Immediately I noticed his reluctance. Why did he try to deviate the conversation? Suddenly, when because of him I was in the heart of the matter, he feigned disinterest. Without even giving me time to ask for a reason, arguing an urgent meeting, he mumbled a few excuses and left.
That Monday, I saw Lacan again and, in my view, there was a subtle change in his attitude. I was not able to define what it was at that moment. In fact, I didn’t want to inquire further. Lacan was always friendly, attentive, warm. Maybe his silences were a bit longer? Indifferently, they transformed our dialogue into a monologue: I talked. Intoxicated by my own words, I redoubled their flow to avoid any interruption.
At that time, I still hadn’t learned to listen.
Later, I was going to beg for a wink of acceptance, a grimace of disapproval.
It is nevertheless remarkable, that despite me being too busy hearing myself to be able to listen to my own words, certain of his interventions were engraved in my memory. There are a few studies on the parrots’ brain. It’s only known that they can repeat just the signifier, in other words, that they can “repeat” the sounds. I shared with them their acoustic gift. But, as them, I did not have the privilege of, starting from sounds, having access to the signifier, that is, to its meaning [sense].
It was hardly my tenth session when Lacan afforded himself a phrase out of my reach, precisely because he knew that I was not able to understand it. As usual, I should have been in some big metaphysical drift when I sharply fell into a question where the statement addressed more me than him, and made me silent once I posed it:
“Does the soul exist?”
At best, I was waiting for a smile.
Instead I deserved a reply:
“The psyche, is the fracture, and that fracture, the tribute we pay because we are speaking beings.”
I had not yet arrived to the algorithms, nor to the metonymy, nor to the mathemes — Algorithms? Mathemes? Metonymy? — but I confusedly perceived that behind this formulation an enigma was hidden.
Sadly, I lacked the clues to decipher it.
Of which fracture was he talking? What relation between a tribute and language? And how come the notion of “a being of language” implied as a corollary the notion of “tribute”?
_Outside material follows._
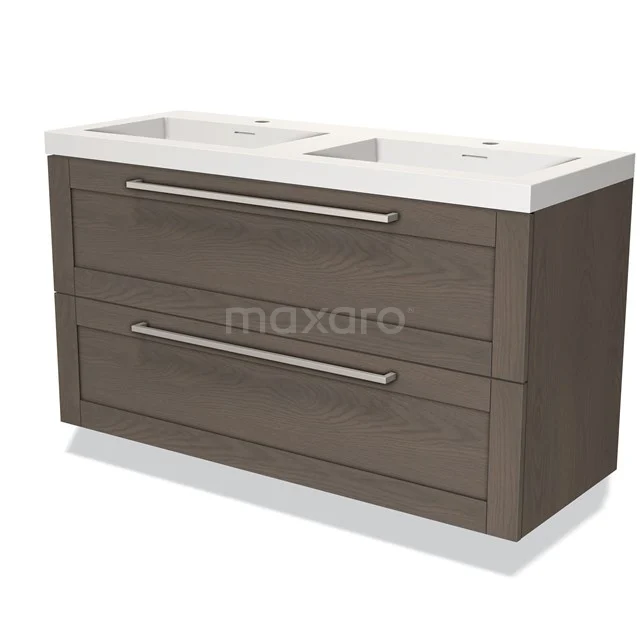 Dark wood bathroom unit with double white vanity units with basin, modern design with clean lines and two wide drawers.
A tribute to pay what? Which debt? Which guilt?
I pondered the sentence suspiciously, without making special efforts to retain it.
If I can cite it after so long, it is maybe because it foreboded the density of sense that certainly would be revealed to me when I would be able to decipher it — so faith binds us to the one who is “supposed to know”.
In fact, it contained various main themes of Lacanian elaboration: the line that forever separates signifier and significant; the relation of that cleavage to the unconscious “structured as a language”; spliting of the subject already divided in search of a transcendence which makes him erect, against all odds, the statues of his gods and invent a soul for himself.
One gladly refrains from evoking one’s own faults.
But how to silence the “innocence” of my debut concerning the analysis?
The alphabet has twenty-six letters. Yet to know it, it’s necessary not to ignore the existence of the alphabet itself.
Without knowing, I perceived the first effects in the form of an immense shadow, unknown, the shadow of the letter “A”.
It’s like that. Why not say it?
Thereafter I discovered that every displacement on a field of knowledge implies as its preamble a difficult confession of its flaws.
“See you tomorrow”, said Lacan.
“I cannot”
He raised an eyebrow.
“I have no money”, I added.
“See you tomorrow”, he repeated, opening me the door.